Transcribe the listing word for word, beginning at its first line and ending at the line containing "American Boston Big"; omit the pictures.

━━━━━ Records supplied

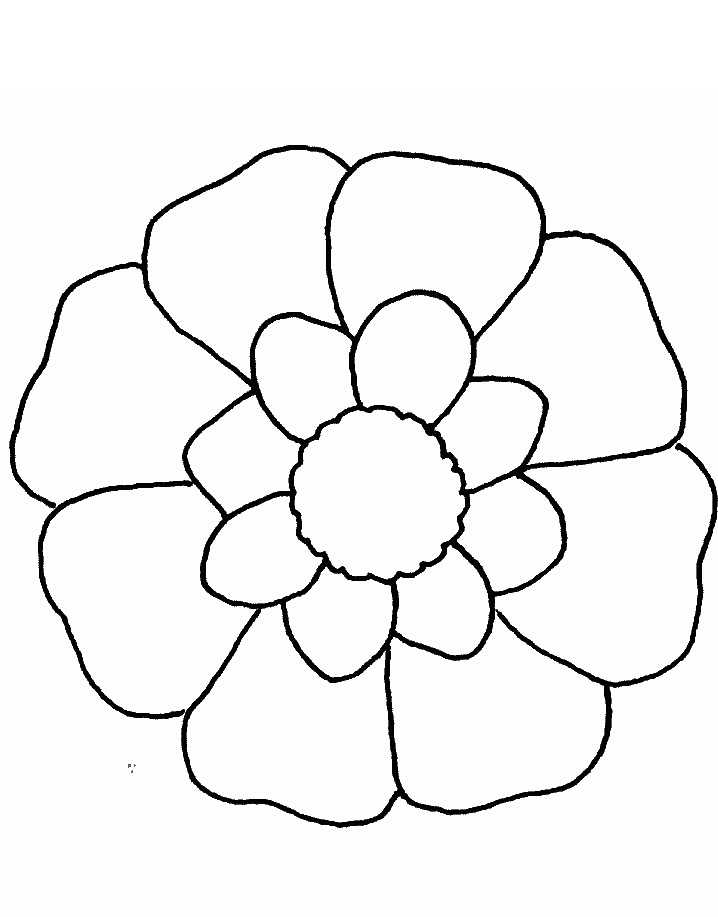 Beautiful Sunflower Coloring Page |Flower coloring pages Kids ...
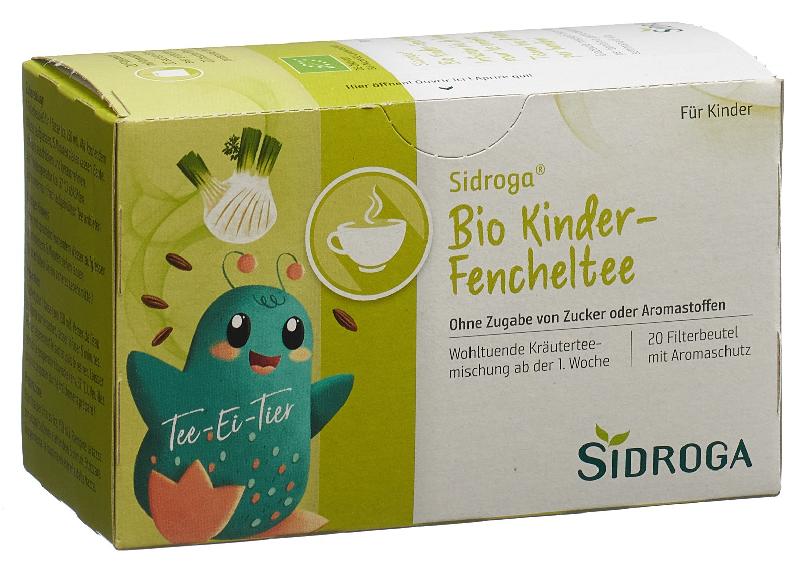 SIDROGA Bio Kinder Fencheltee 20 Stk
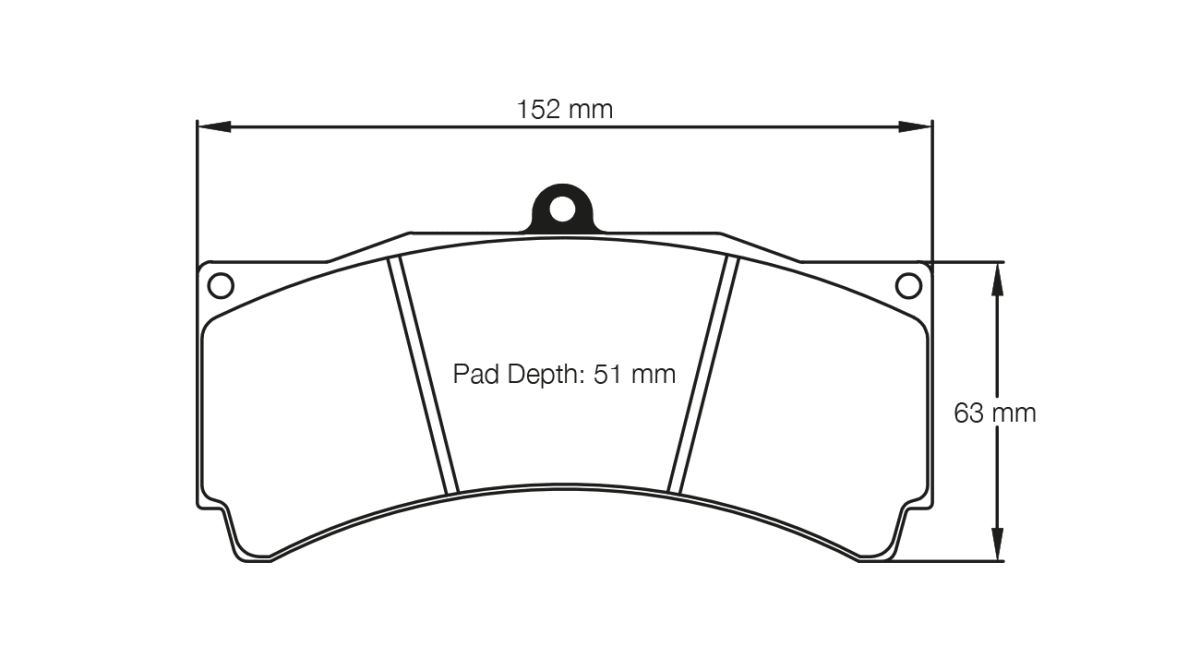 Pagid U-1538 Racing Pads - RST-3 Compound - FastLap Supply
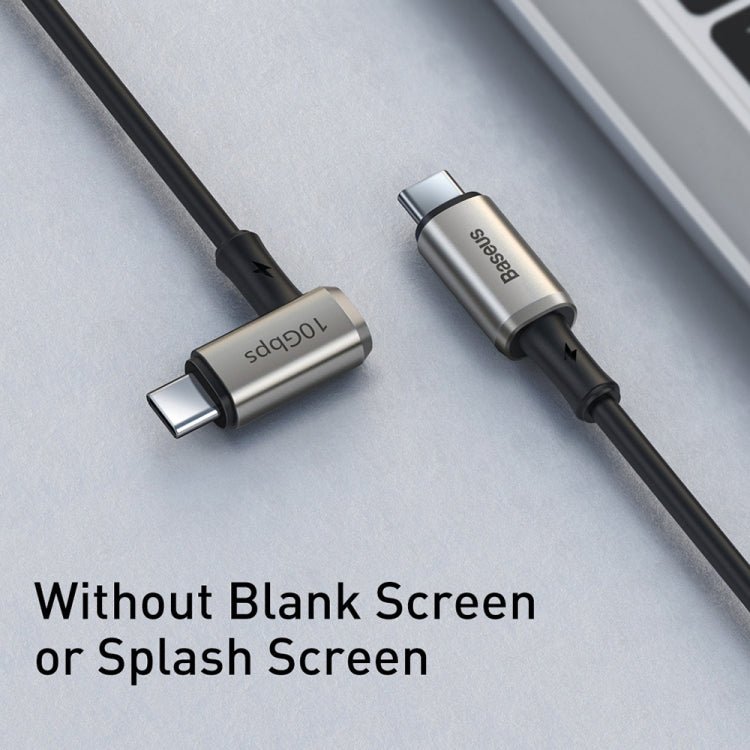 Baseus CATPN-01 100W 5A PD3.1 Gen2 USB-C / Type-C to USB-C / Type-C HD Same Screen Coaxial Hammer Cable, Cable Length: 1.5m(Black)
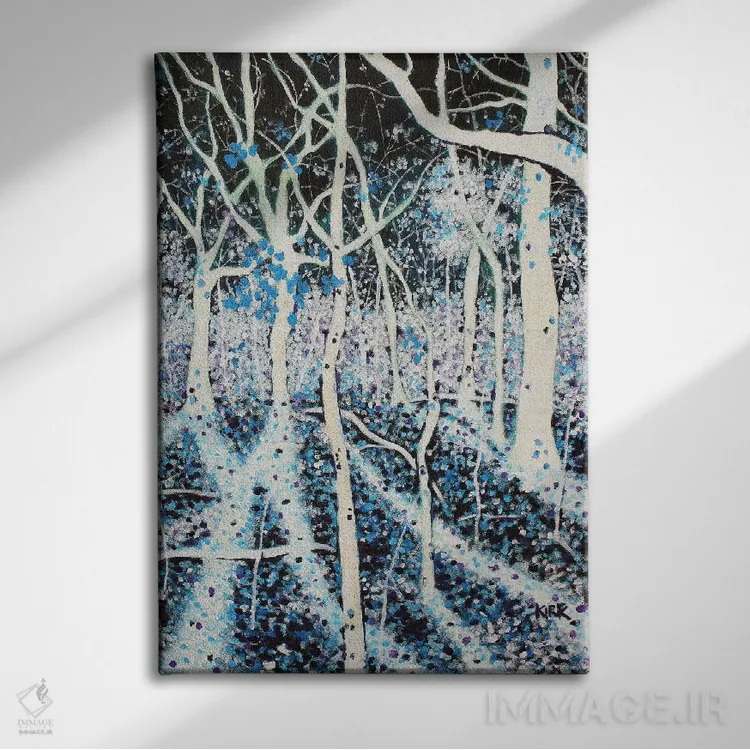 تابلو دکوراتیو ماه سایه به جنگل های آوازخوان می بخشد اثر جری لی کرک - نمای روبهرو روی دیوار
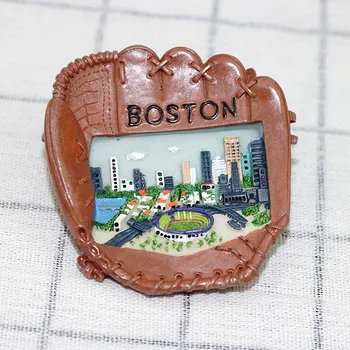 

American Boston Big Lobster Magnetic Resin Fridge Magnet Souvenir Gift DIY Home Kitchen Decoration Supplies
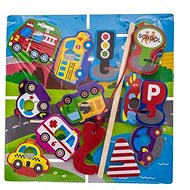Wooden fun puzzle, for catching and inserting TULIMI - transport - Jigsaw Puzzle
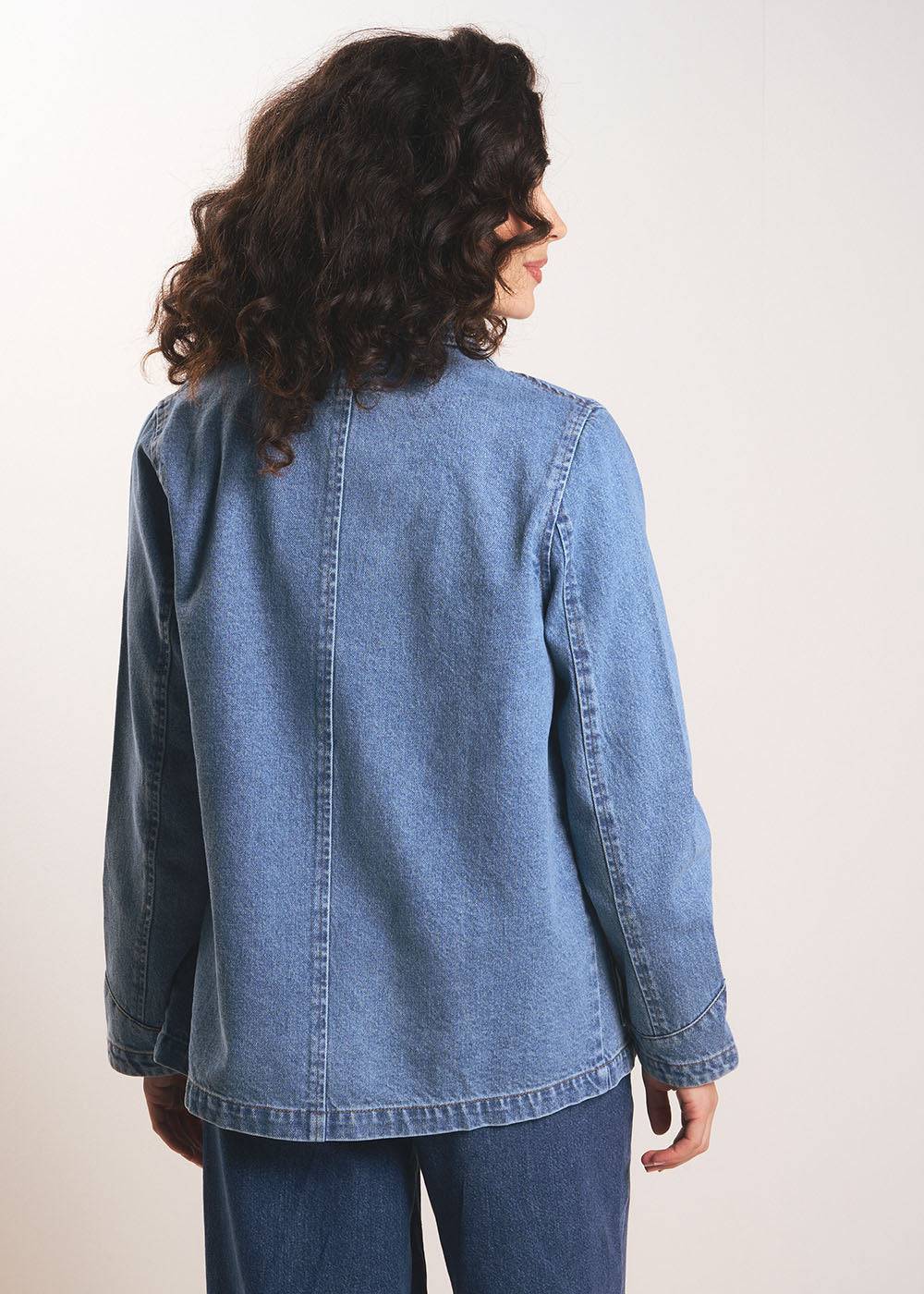 Long jacket with patch pockets - Sud Express - 3 - Sud Express
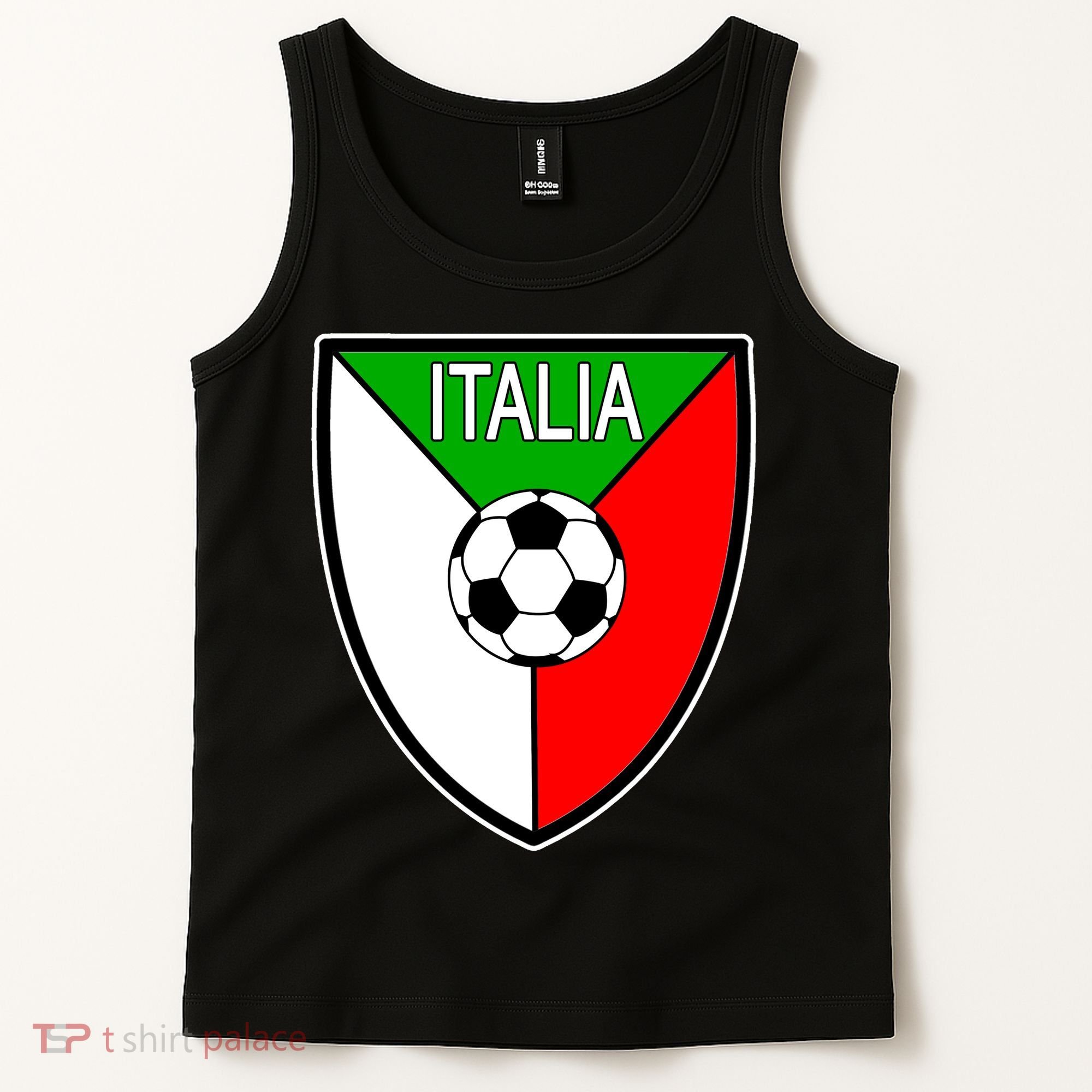 Italy Soccer Flag Emblem Italia Tank Top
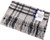 Unisex Lambswool Scarf In Thomson Monochrome Tartan Design 30cm Wide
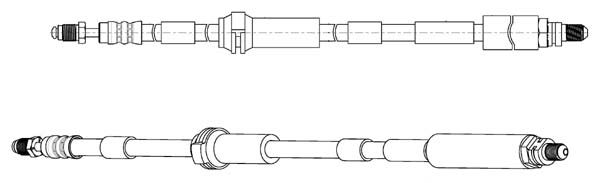 CEF stabdžių žarnelė 512777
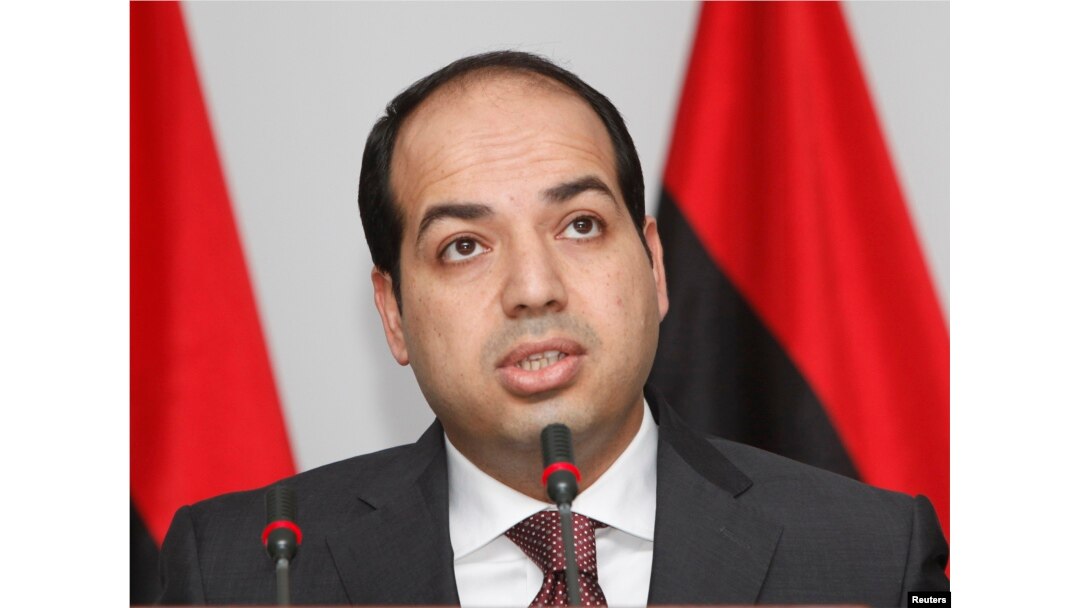 Libya's Supreme Court ruled the election of Prime Minister Ahmed Maiteeq unconstitutional on Monday. Maiteeq is shown at a news conference in Tripoli, Libya, June 7, 2014.
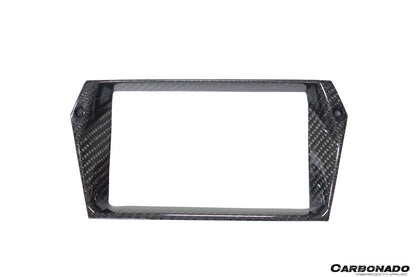 2011-2016 Lamborghini Aventador LP700 LP720 LP750 SV OE Style Carbon Fiber Navigation Screen Inner Trim (1PCS)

━━━━━━━━━━

:: Answer below ::
 Beautiful Sunflower Coloring Page |Flower coloring pages Kids ...
 SIDROGA Bio Kinder Fencheltee 20 Stk
 Pagid U-1538 Racing Pads - RST-3 Compound - FastLap Supply
 Baseus CATPN-01 100W 5A PD3.1 Gen2 USB-C / Type-C to USB-C / Type-C HD Same Screen Coaxial Hammer Cable, Cable Length: 1.5m(Black)
 تابلو دکوراتیو ماه سایه به جنگل های آوازخوان می بخشد اثر جری لی کرک - نمای روبهرو روی دیوار

American Boston Big Lobster Magnetic Resin Fridge Magnet Souvenir Gift DIY Home Kitchen Decoration Supplies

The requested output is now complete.